The Texas Republican party has endorsed legislation that would allow state residents to vote whether to secede from the United States. In a talkshow interview, the party chair, Allen West, argued that: “Texans have a right to voice their opinions on [this] critical issue.

“I don’t understand why anyone would feel that they need to prevent people from having a voice in something that is part of the Texas constitution,” the former Florida congressman said of the Texas Referendum Independence Act. “You cannot prevent the people from having a voice.”

West is the latest Republican to come out in support of declaring Texas an independent nation. Last month, the state representative Kyle Biedermann confirmed that he will introduce the bill for a referendum as early as this week.

“Texit,” named after the British referendum to leave the European Union, refers to the process of Texas exiting the United States to become an independent, self-governing nation.

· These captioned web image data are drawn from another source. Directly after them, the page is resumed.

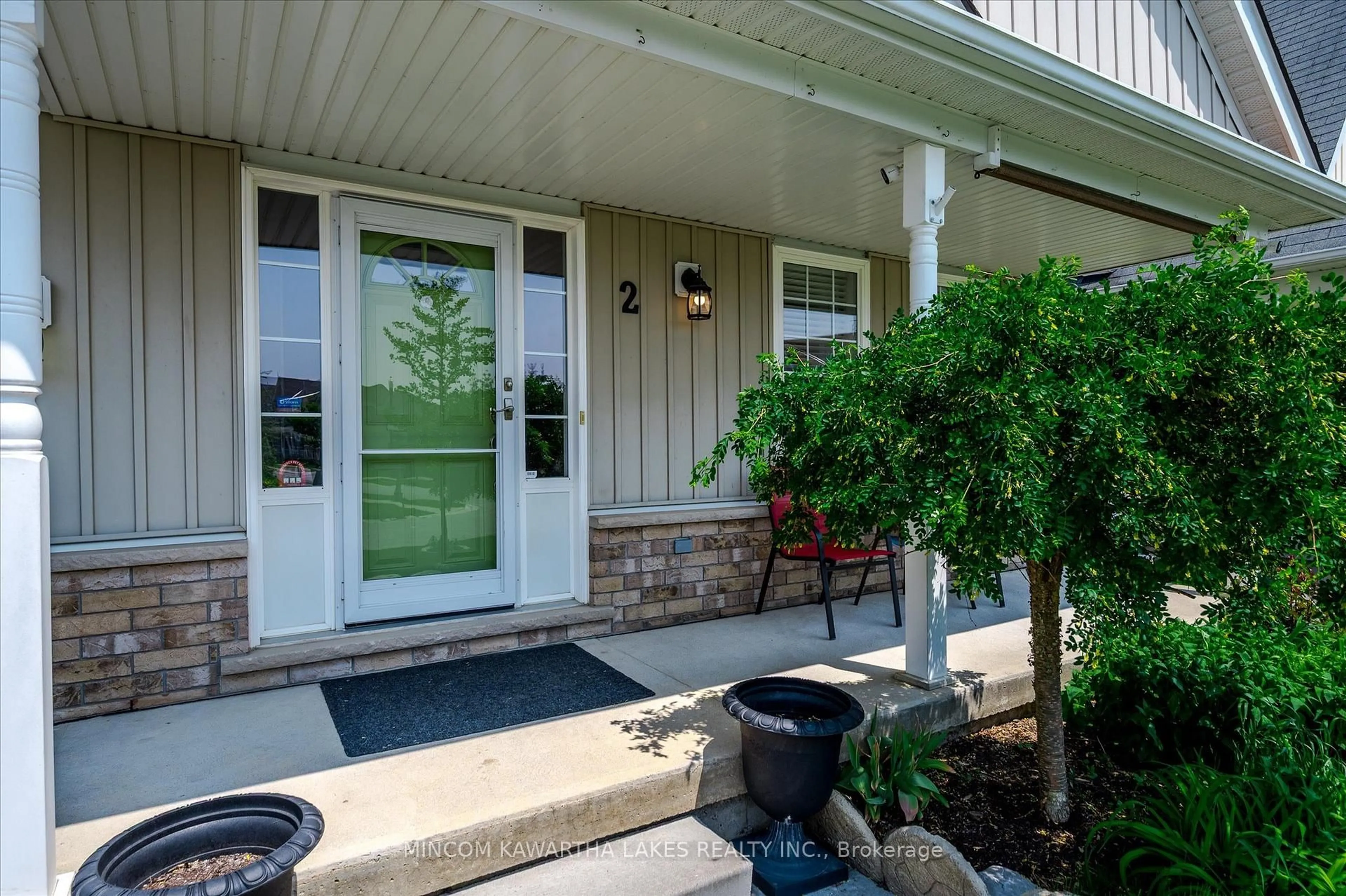 Indoor entryway for 2 Peace Cres, Peterborough North Ontario K9H 0C1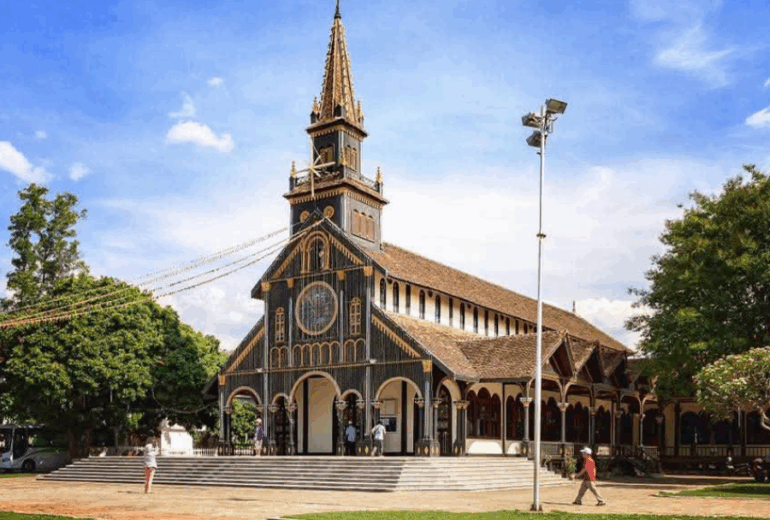 Kon Tum – Kon Ko Tu village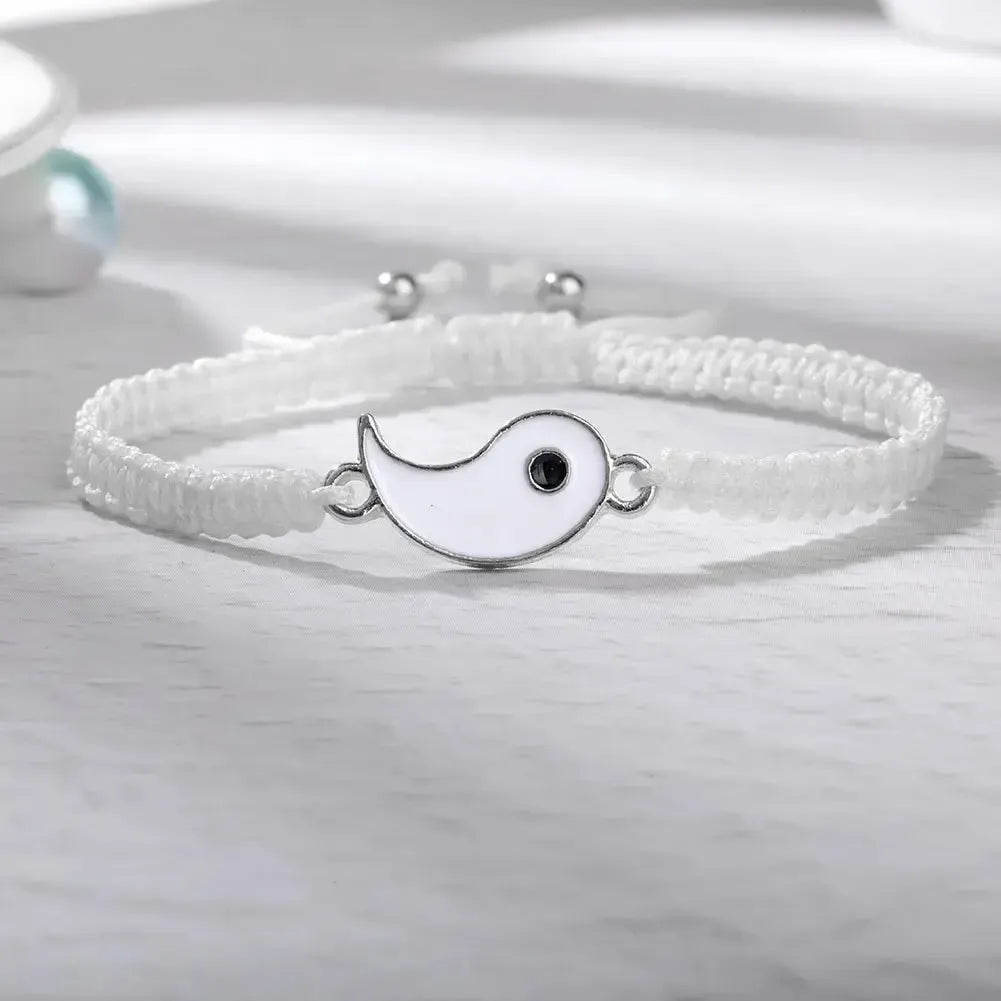 Bracelet Yin Yang noir et blanc sur fond neutre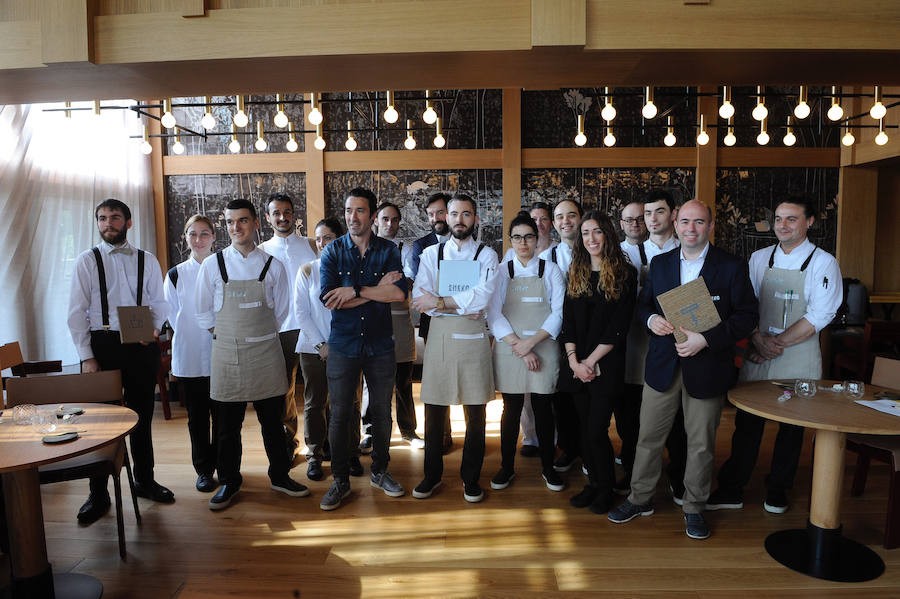 El equipo del Eneko Bilbao posa al completo.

The endorsement drew intense backlash from lawmakers on both sides of the aisle. Many took aim directly at Allen as party chair, continuing a slew of criticism that has been levied at him since first he took on the role in July.

Back then, Allen was immediately criticized for changing the political organization’s slogan to “We are the Storm,” in what the New York Times called an “unusually visible example of the Republican party’s dalliance with QAnon”, the conspiracy theory.

This week’s endorsement also is not the first time the former Florida congressman has promoted secession.

Earlier he insisted that “law-abiding states should bond together and form a Union of states that will abide by the constitution”, following a US supreme court ruling to dismiss a lawsuit seeking to overturn the result of the 2020 presidential election.

When corporate donors to the Texas Republican party were asked for responses, many companies stated that they had not made any recent political donations – some paused all corporate giving after the 6 January deadly insurrection at the US Capitol, the political news site Popular Information reported.

The ride-hailing company Lyft, which donated $5,000 to the Texas GOP in 2016, told the outlet that it had “no plans to donate to the party in the future”, adding that the company was “troubled by chairman West’s statements”.